- Exercise objective -
Pictures in the material below are to be left out, and only the lines from the line with "Discover scary horror black cat Bags" up to and including the line with "00s 1girl clothes_pull" are to be written out exactly.

(Beginning of Stored data)

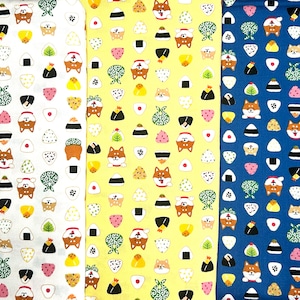 Cotton Fabrics - Shiba Inu, 柴犬, Hunting Dog, Dog, Puppy (1), Off-White, Yellow, Blue (0.5 Metre)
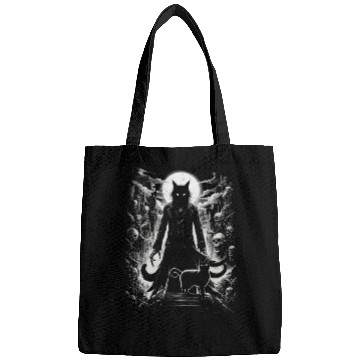 Discover scary horror black cat Bags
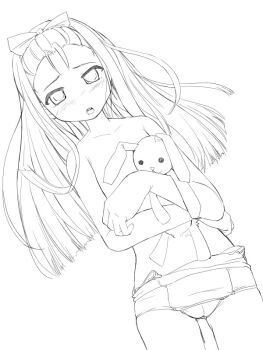 00s 1girl clothes_pull ezakishii female_focus greyscale idolmaster idolmaster_(classic) idolmaster_1 lineart long_hair lying minase_iori monochrome one-piece_swimsuit one-piece_swimsuit_pull school_swimsuit solo stuffed_animal stuffed_rabbit stuffed_toy swimsuit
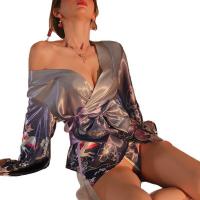 Suxingjia Purple Sensual Robe Sleep Dress – Floral Kimono-Style Lace Bathrobe with Waist Tie, Japanese-Inspired Lingerie thumbnail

(End of Stored data)

- Response to this task -
 Discover scary horror black cat Bags
 00s 1girl clothes_pull ezakishii female_focus greyscale idolmaster idolmaster_(classic) idolmaster_1 lineart long_hair lying minase_iori monochrome one-piece_swimsuit one-piece_swimsuit_pull school_swimsuit solo stuffed_animal stuffed_rabbit stuffed_toy swimsuit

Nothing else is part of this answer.